On one hand, much of this pessimism is rooted in fact. “Schools in poor communities spend less per pupil — and often many thousands of dollars less per pupil — than schools in nearby affluent communities,” according to a 2013 report from the Department of Education.

Districts with more money can afford to implement the latest classroom technologies in ways poorer districts cannot, creating a disparity that has very real implications for students entering the workforce after graduation. “This is arguably the most important equity related variable in American schooling today,” the report adds.

On the other hand, this perspective ignores two critical realities: First is the inevitable fact that wealthy students have greater access to technology, regardless of whether their schools implement it in the classroom or not. Second is that teachers often benefit from classroom tech just as much, if not more, than their students.

Our focus on the potential disparities generated by student-centered classroom tech often overshadows the way this technology serves the teachers.

Technology in education can have a dramatic and compound advantage: It can help make teaching a sustainable profession by arming teachers with critical classroom resources, which, in turn, creates a disproportionately positive — not negative — effect on the least advantaged students.

“To assist students, teachers need curricular materials and technology systems that support learning,” states the U.S. Dept. of Education report. “This is especially true of teachers in struggling schools.”

To address the compound advantages of classroom technology, we first need to take a look at the state of today’s teaching, which by most accounts is a profession beset by high turnover and overall dissatisfaction.

Nearly 25 percent of public school teachers leave the profession within their first three years, according to the U.S. Department of Education — but it’s the most underserved areas that see the worst turnover. In New York City, public schools lose two-thirds of their faculty every five years, and in Chicago, underserved schools studied were losing half of their teachers every three years.

The high rate of teacher turnover is especially worrisome considering the fact that quality teachers are one of the most important school-related influences on a child’s education. A student’s success in the classroom is influenced by a number of factors, but a recent study from RAND estimated that teachers have two to three times more impact on a student’s education than any other school-related variable.

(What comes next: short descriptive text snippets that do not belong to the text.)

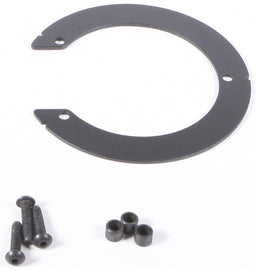 GIVI TANKLOCK MOUNT BF04-atv motorcycle utv parts accessories gear helmets jackets gloves pantsAll Terrain Depot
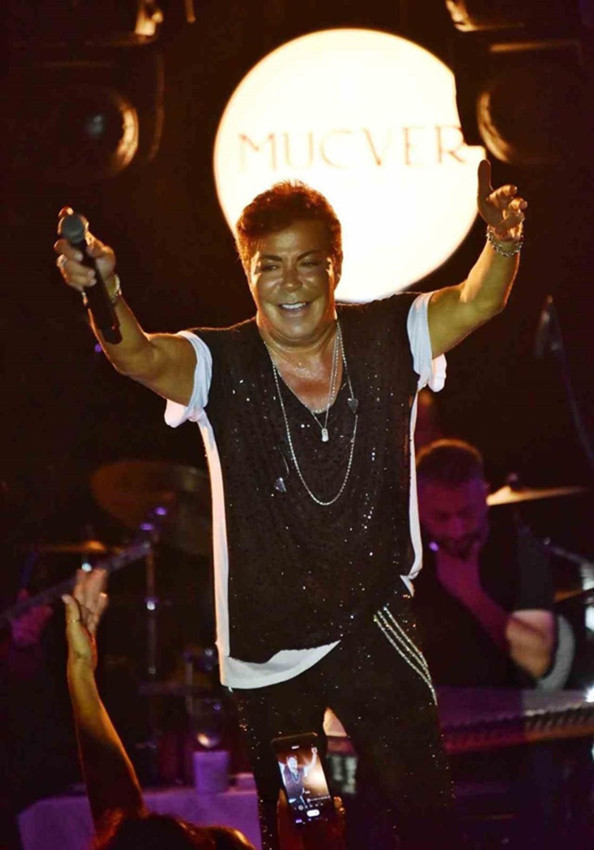 Malikaneden pırlantalara... Fatih Ürek'in dudak uçuklatan mirası paylaşıldı - Resim: 2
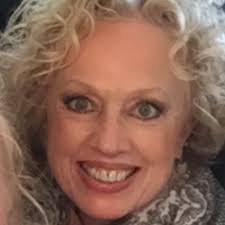 Dawn Eisenhauer's Instagram, Twitter & Facebook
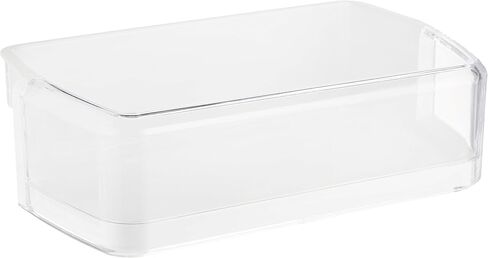 Samsung Refrigerator DA97-06419b Right Side in Saudi Arabia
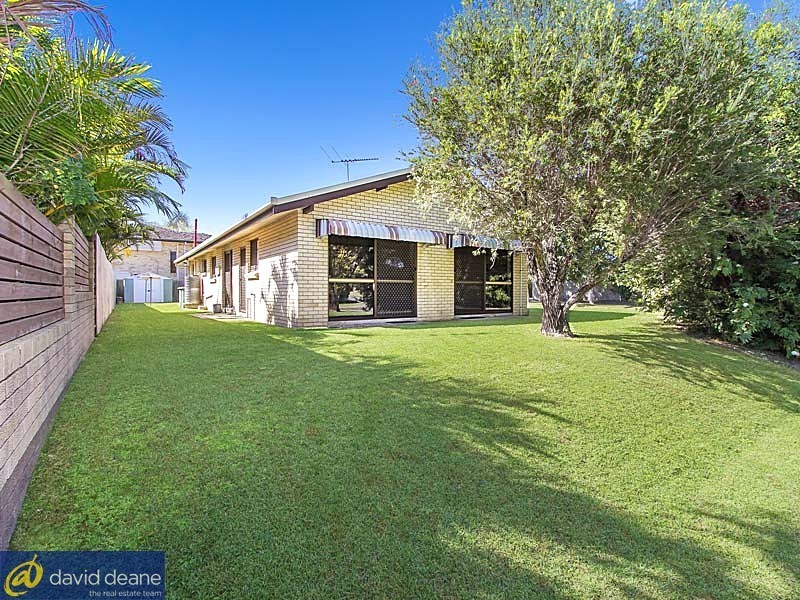Strathpine QLD 4500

A report about teacher turnover from NYU sums up the issue this way: “Students in low-income schools are more likely to be disruptive in class. Novice teachers who lack effective classroom management skills are more likely to leave for another school or leave the profession entirely. New teachers arrive on the scene and students act up because they feel they’ve been abandoned and distrust the unknown teacher. And the cycle continues.”

So what does technology have to do with all this? Technology in the classroom, particularly technology that improves curriculum and instruction in disadvantaged districts, not only mitigates teacher turnover but improves student achievement in those districts as well.

Curriculum reform is often the least expensive intervention for improving student outcomes, according to reports from Chiefs for Change and StandardsWork. Pair that curriculum reform with scalable tech-driven distribution, and we’re able to support teachers in ways textbooks never could.

Newark Public Schools took this approach recently and achieved notable results. They successfully standardized a custom curriculum across all their English Language Arts, all while freeing up their teachers’ time to focus on the instruction itself.

We call this sort of support curriculum-as-a-service, and it enables school districts to easily align curricular materials to their instructional goals and distribute these materials effectively across their district — all at a lower cost than traditional textbook adoptions.

Researchers at Northwestern University recently found that providing teachers with high-quality, teacher-centered technology, including digital curricular resources and task management software, increased student test scores by a statistically significant margin. Moreso, the researchers identified this sort of technological intervention as an inexpensive and consistently effective educational tool.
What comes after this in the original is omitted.